The rest of that day was a whirlwind. I watched my child's stats change from okay, to bad, to very bad. I watched them put him on a ventilator. I watched them sedate him. Poke him with IVs. They explained that they were admitting him to the ICU, but they didn't know what was going on yet. I told them I was certain he had a cold, and part of me wondered why it was blown so out of proportion. He just had a cold! Infants get colds, don't they? Later that evening, it was communicated to us that the nurse charged with Elliott's care thought she heard a heart murmur. Tests. Elliott had some kind of heart defect. They were performing an echo-cardiogram on the spot to find out more.
Heart defect. On October 9, 2012, late in the day, I learned the reason behind those nagging thoughts in the back of my mind my first eight weeks of becoming a mom. Elliott was not okay, he had a heart defect. His breathing was weird because he had a heart defect. He was slightly less active, more tired, ate poorly, because he had a heart defect. In an odd way, I was relieved to have a diagnosis, and a path of care to correct things. As crazy as it all was, it was a relief to know what the next steps were. My life had significantly altered that day, more so than the day Elliott was actually born. Life as a mom began in a way it hadn't on his birthday. It became apparent to me that day that the sleepless nights, the physical pain, and the sense of self I had lost over the eight weeks prior in my days as a first time mom was not about me at all. I was a heart mom. I was responsible for a precious, fragile life, and it was eye-opening.

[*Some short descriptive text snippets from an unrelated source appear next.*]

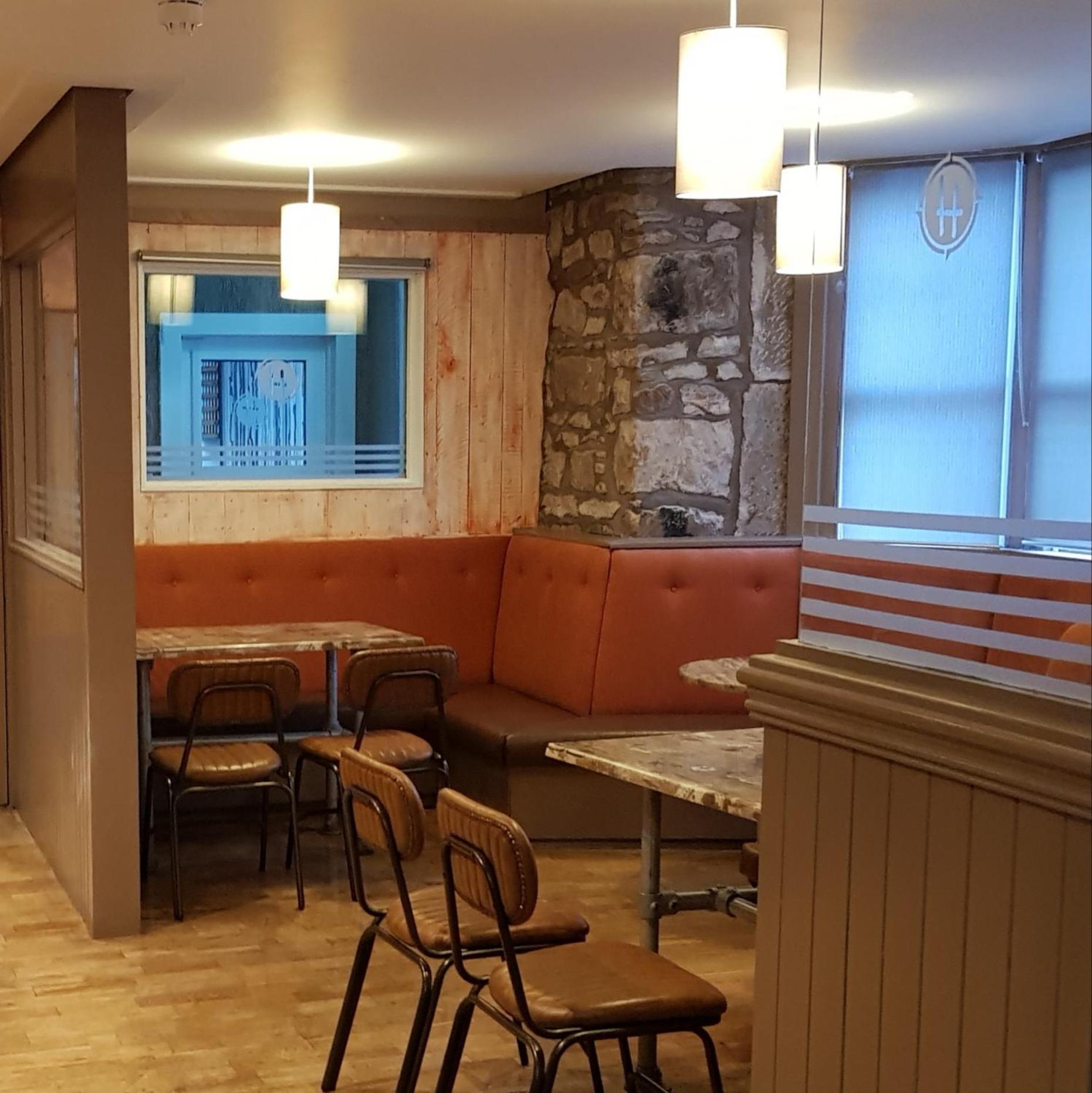 The Havelock Hotel Nairn Exterior photo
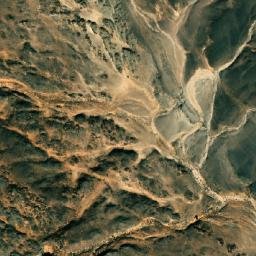 Satellite imagery of Adrar Tiratimine, DZ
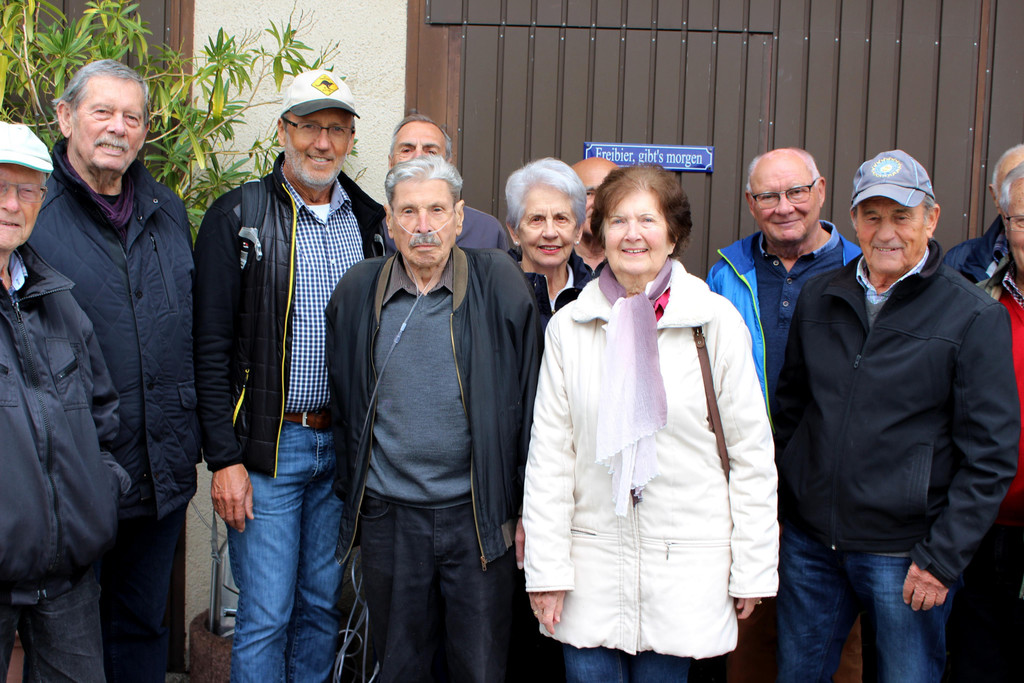 Seniorenbund BIERSAMMELSURIUM SEIBL Besuch 11-04-2019 _2_.JPG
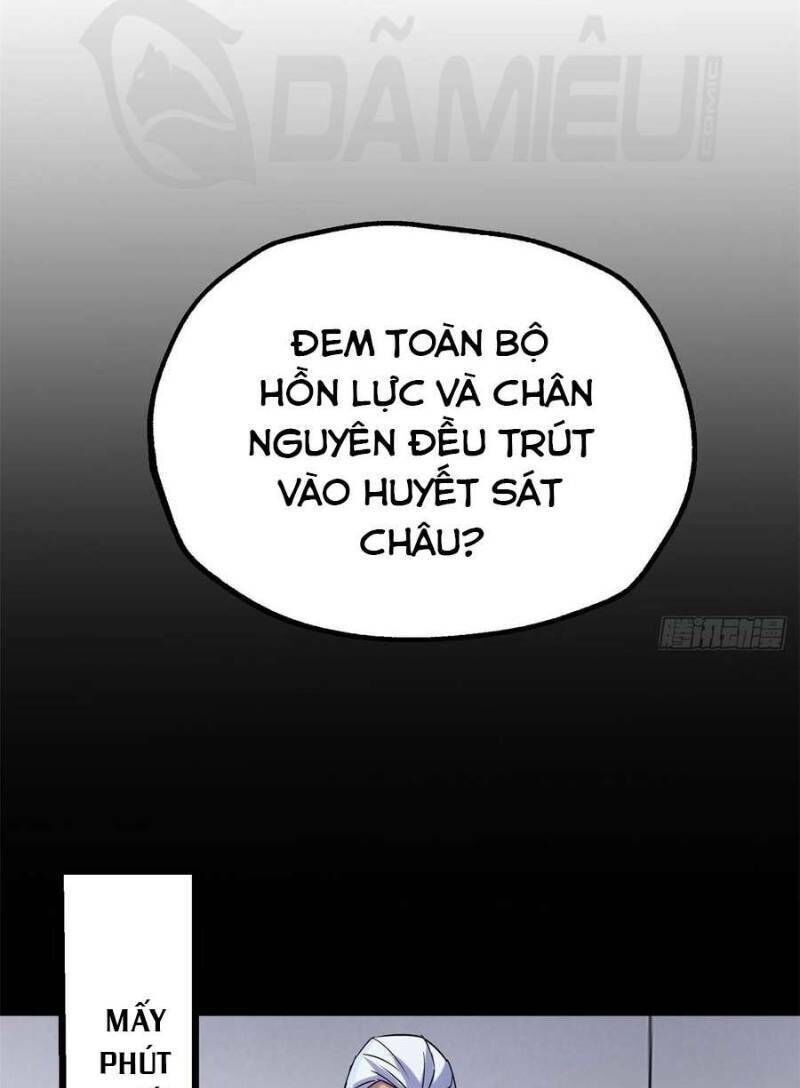 Thú Nhân Chapter 175 - Trang 2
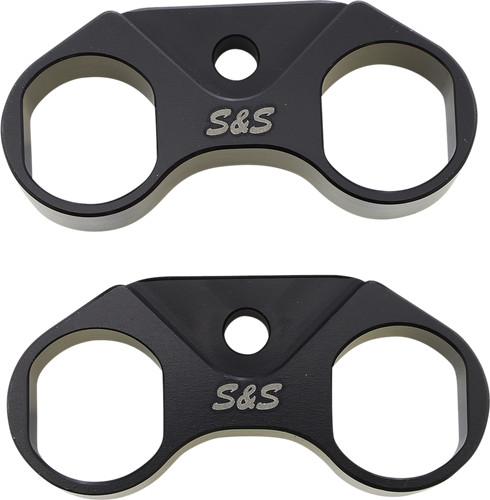 Guide lève soupape s - de, s&s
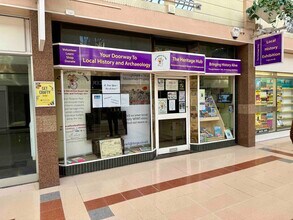 High St, Sittingbourne to rent Building Photo- Image 2 of 2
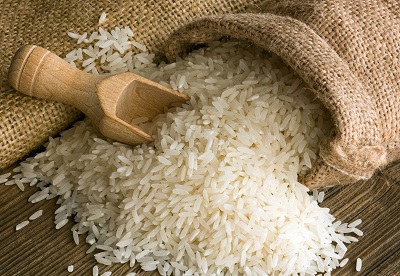 برنج کامفیروزی روانه بازار شد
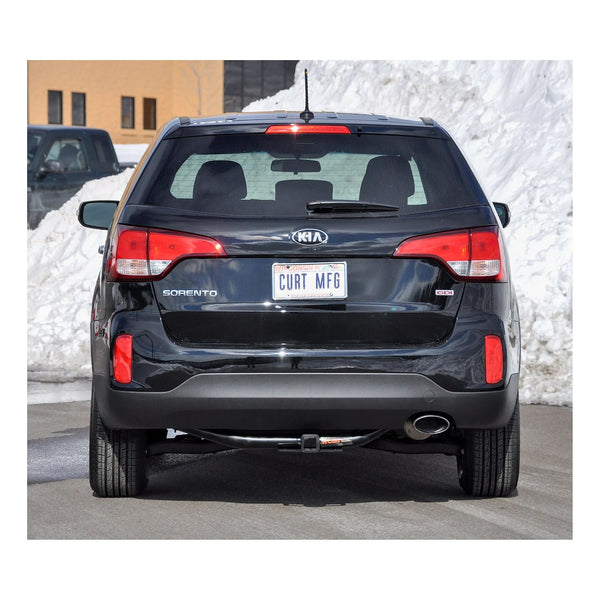 CURT Class 3 Trailer Hitch (MPN: 13152)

The rest of October was intense. A lot of heartache, pain, and moments of triumph too. November was similarly hectic (the month Elliott had heart surgery), but I can't help but think that truly it was in October that everything changed in my life. When I thing about it, October does have further significance for me. I reunited with my husband Taylor on October 18, 2003, three years after our short-term, immature, dating relationship had ended. That means in just a few weeks, Taylor and I will have been together for 10 years. And now, at nearly 40 weeks pregnant and ready to pop at any moment it's hard to deny the further significance October has to hold: the birth of our beautiful baby girl. Our second child, our first daughter. Life will begin again in a different way on the October day that she decides to join us on earth.
I can't deny it, October, you've brought me so many blessings in my life already. And yet you continue to bring me more. Hello October!